Global Curriculum

General Assembly's Data Science Immersive is made up of 4 Units split into 3 weeks each. These are:

Unit Breakdown

Unit	Title	Lessons	Topics	Flex Sessions
Unit 1	Data Science Foundations	Weeks 1-3	Programming Fundamentals, Pandas & EDA, Linear Regression	3 Flex Sessions
Unit 2	Supervised Learning Algorithms	Weeks 4-6	Logistic Regression, Classification, Databases, Ensemble Models	0 Flex Sessions
Unit 3	Advanced Modeling Techniques	Weeks 7-9	Unsupervised Learning, Bayes, Time Series	0 Flex Sessions
Unit 4	Data Science Careers	Weeks 10-12	Spark & Big Data, Portfolios, Presentations	9 Flex Sessions

Note: Flex sessions can be used for content review or additional topics that instructors may want to cover.

Unit 1: Data Science Fundamentals

In this unit, students will be practicing the basics of Python, Git, and the Command Line, as well as reviewing foundational statistical concepts that we'll use throughout the rest of the course.

Currently, our student onboarding tasks consist of five modules: Python, Statistics, Git, Command Line, & SQL that pre-train and reinforce these foundations. Student readiness in these topics can be assessed using the required onboarding exercise.

Another goal of this unit is to get students comfortable with the data science workflow, emphasizing the use of Pandas and other tools to acquire, clean, and plot data. Students will learn about data visualization tools and techniques from Tableau to seaborn, and practice communicating their findings to different audiences.

Unit 2: Supervised Learning

Now that students have had practice in Python, Pandas, and statistical foundations, we'll prepare students to tackle supervised learning models, beginning with logistic regression. They'll use sklearn and pipelines to prepare data, while practicing regularization, tuning, and evaluation. Ultimately, students will learn to evaluate the tradeoffs of each model and communicate their recommendations through formal reports and informal blog posts.

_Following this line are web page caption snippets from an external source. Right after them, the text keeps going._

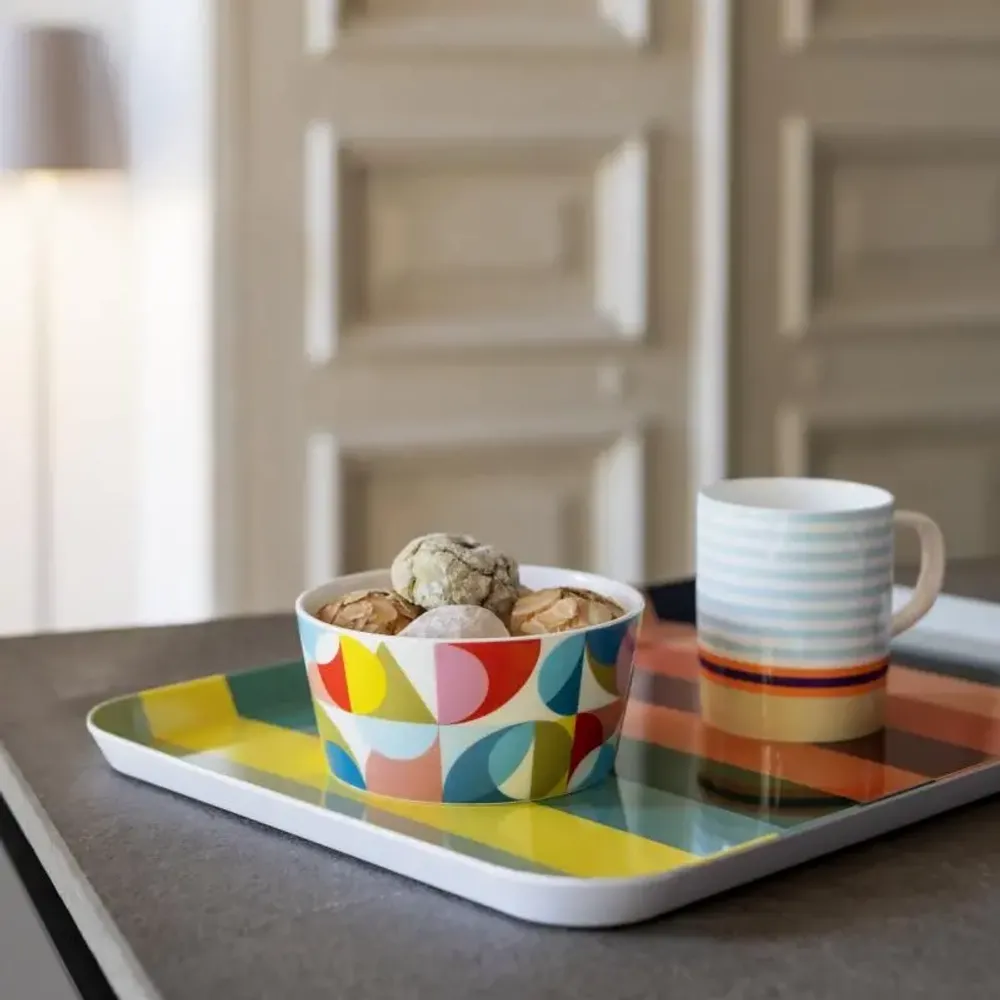 Assiettes de réception - Mini-plateau 'Lorenzo' - REMEMBER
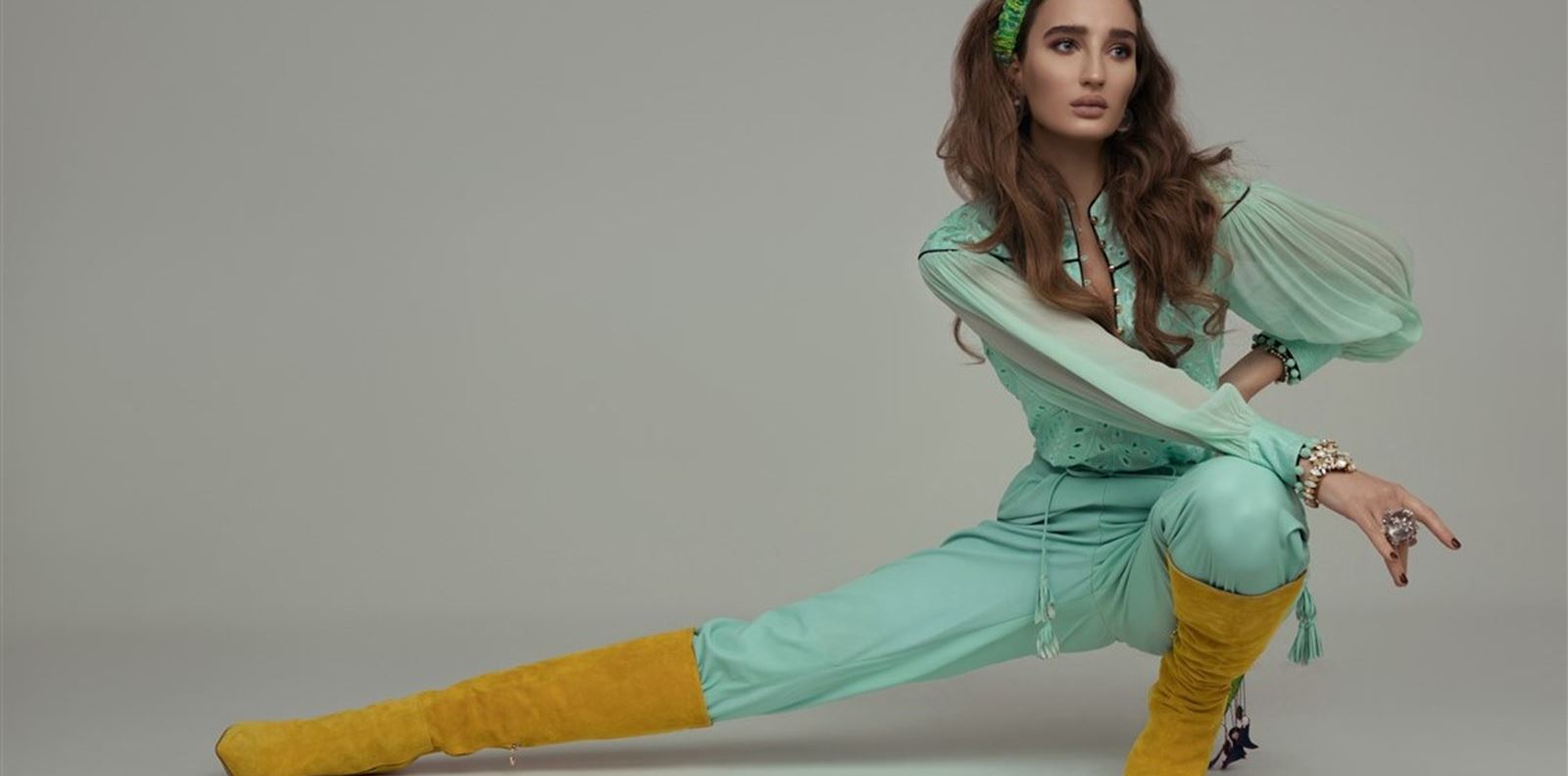 МОДА: Цветните визии, от които да не бягате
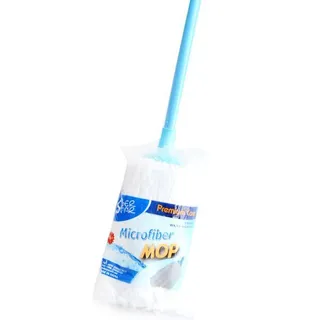 Premium Care Cotton Flat Mop 90Cm W-141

Students will learn the basics of natural language processing, classification, and ensemble models. In addition, students will learn to acquire and parse data from different sources, including web scraping, remote databases, and APIs. Coupled with the review and refresher lessons/labs on SQL, students will practice working in local Postgresql databases.

Finally, students are introduced to the Capstone Project in week 4, with their first deliverable due in Week 6.

Unit 3: Advanced Modeling

Now that students have had practice in acquiring, cleaning, and modeling data using SQL, pipelines, and sklearn, we'll move into more advanced topics, including unsupervised learning, Bayesian inference, and modeling time series data. Ultimately, students will learn to build their own local databases while running principal component analysis and ARMA/ARIMA models. They'll understand the difference between Bayesian and frequentist reasoning, and practice articulating these topics to stakeholder audiences.

Students will also practice real world Github workflows as they apply their skills to a group Kaggle project. Coupled with case studies and workshops, student work should really start to take shape as they complete their second Capstone deliverable.

Unit 4: Data Science Careers

Now that students have had repeated practice with acquiring, cleaning, modeling, tuning, and presenting data, iterating through every step of the data science workflow, we'll get students to think more about potential industry applications of these concepts. They'll continue working on their third Capstone deliverable while they learn about additional data science topics, including MapReduce, Hive, and Spark. Ultimately, students will learn to articulate big data use cases while experimenting with Hadoop and navigating the AWS ecosystem.

Students will also have time to practice common whiteboard problems and interview scenarios, while applying all of their newfound knowledge to part 4 and 5 of their Capstone project, fleshing out a professional portfolio and meeting with industry experts.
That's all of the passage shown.